Pictured: Joe Manchin
It’s water Thursday, and hopefully we’ll get to the roundup after work tonight, but wanted to bring you a rare bit of good news: the Vessel Incident Discharge Act, which would have removed needed protections against invasive species in the Great Lakes, was actually defeated in the Senate yesterday!
We talked about this last year, and were officially Not Optimistic, saying it was part of the GOP’s mad desire for “letting industry control their own regulatory regimes.” That’s a big part of this, and something we need to keep fighting against.
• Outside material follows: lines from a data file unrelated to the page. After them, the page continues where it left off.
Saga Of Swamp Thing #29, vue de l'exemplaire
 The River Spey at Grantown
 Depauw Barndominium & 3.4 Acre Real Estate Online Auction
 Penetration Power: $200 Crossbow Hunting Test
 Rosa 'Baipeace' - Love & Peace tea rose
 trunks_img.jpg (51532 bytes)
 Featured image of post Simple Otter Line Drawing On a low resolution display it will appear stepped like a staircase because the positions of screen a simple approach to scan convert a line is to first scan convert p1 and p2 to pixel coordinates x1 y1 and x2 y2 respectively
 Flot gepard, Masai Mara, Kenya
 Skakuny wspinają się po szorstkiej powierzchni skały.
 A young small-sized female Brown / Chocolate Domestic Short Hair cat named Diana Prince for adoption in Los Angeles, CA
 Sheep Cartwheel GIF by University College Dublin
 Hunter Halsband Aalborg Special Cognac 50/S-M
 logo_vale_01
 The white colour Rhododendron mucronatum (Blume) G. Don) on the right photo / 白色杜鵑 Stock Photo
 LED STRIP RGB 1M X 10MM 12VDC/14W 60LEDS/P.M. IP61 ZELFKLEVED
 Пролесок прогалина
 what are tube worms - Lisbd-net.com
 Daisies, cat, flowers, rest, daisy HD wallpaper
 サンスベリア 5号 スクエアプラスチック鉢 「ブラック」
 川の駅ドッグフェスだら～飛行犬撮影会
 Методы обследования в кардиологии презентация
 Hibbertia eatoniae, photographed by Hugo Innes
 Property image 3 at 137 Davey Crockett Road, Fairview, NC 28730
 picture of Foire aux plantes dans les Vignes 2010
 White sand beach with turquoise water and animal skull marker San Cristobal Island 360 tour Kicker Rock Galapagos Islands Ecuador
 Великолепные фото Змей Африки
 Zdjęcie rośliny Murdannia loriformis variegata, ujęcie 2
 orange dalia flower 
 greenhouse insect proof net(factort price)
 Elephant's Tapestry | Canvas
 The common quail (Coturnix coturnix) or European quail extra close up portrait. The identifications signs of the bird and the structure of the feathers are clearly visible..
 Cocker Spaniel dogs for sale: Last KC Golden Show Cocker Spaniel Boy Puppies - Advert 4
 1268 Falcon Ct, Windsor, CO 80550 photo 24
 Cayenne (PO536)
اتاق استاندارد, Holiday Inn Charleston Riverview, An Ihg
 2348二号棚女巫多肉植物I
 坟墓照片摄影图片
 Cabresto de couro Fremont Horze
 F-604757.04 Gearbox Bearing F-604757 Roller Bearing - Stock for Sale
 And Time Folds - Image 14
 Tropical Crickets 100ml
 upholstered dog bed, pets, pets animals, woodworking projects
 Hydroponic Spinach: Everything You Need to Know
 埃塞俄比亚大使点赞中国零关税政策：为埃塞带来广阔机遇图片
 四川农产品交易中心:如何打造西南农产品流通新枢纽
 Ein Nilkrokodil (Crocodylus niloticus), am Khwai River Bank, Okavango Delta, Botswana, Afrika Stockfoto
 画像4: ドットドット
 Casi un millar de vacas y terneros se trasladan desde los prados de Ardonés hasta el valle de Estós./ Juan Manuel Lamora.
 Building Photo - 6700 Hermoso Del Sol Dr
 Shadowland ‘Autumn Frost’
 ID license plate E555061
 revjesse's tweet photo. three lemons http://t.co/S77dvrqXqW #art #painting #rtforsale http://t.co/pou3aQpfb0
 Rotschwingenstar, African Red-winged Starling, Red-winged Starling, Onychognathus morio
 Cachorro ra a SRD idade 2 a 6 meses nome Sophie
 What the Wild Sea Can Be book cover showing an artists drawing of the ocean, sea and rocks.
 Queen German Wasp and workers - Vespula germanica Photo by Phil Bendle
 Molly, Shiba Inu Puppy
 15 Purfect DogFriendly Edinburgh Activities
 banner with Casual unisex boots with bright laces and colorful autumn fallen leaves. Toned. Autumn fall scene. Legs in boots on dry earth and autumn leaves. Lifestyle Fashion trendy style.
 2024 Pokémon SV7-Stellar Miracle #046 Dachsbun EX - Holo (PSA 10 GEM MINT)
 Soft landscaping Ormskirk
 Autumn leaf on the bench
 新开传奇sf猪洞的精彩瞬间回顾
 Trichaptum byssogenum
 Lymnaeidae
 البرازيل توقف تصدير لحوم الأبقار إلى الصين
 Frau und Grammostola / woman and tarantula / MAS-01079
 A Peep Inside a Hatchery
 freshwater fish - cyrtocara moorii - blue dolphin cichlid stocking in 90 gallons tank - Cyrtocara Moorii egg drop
It’s also an interesting story, because it is part of the larger geological and hydrological history of opening up the Great Lakes to the world. The Niagara Falls was an enormous barrier to any creatures trying to make their way to the Lakes, if they could even get past the punishing downstream currents of the St. Lawerence.
But the building of canals and the invention of steamboats changed all of that, in ways that transformed not just the economy of our country, but the basics of geology. Global trade, in which huge vessels picked up ballast water from the Bosporus, teeming with life perfectly suited for that environment, brought that life here, where it wasn’t suited (and obviously vice-versa, this isn’t an assault against America or anything).
Trade is good. Connecting the world is good. They’ve brought enormous benefits. But there are huge risks and downsides, which we need to work against so that everyone benefits. That “everyone” should also include ecosystems, which are where we, you know, live. That’s why regulations about ballast water were important, and why trying to remove them was insane.
I don’t have to tell you that nearly every Republican voted for VIDA, right? But they also had some Democratic help.
Democratic Sens. Bob Casey (Pa.), Joe Donnelly (Ind.), Heidi Heitkamp(N.D.), Doug Jones (Ala.), Joe Manchin (W.Va.), Claire McCaskill (Mo.) and Bill Nelson (Fla.) voted with Republicans to advance the bill. Everyone, besides Jones, is up for reelection in a state won by Trump in 2016.
Casey and Donnelly are Great Lakes senators, which is particularly maddening. But think about what that says: it says that red (or reddish) state senators feel that any environmental legislation is so toxic, even one as obvious and benign as this, that they are siding against it for cheap political points. Even though I doubt that there are many people in landlocked West Virginia too damn concerned with inconvenience to oceanic freight, Manchin sided against clean water.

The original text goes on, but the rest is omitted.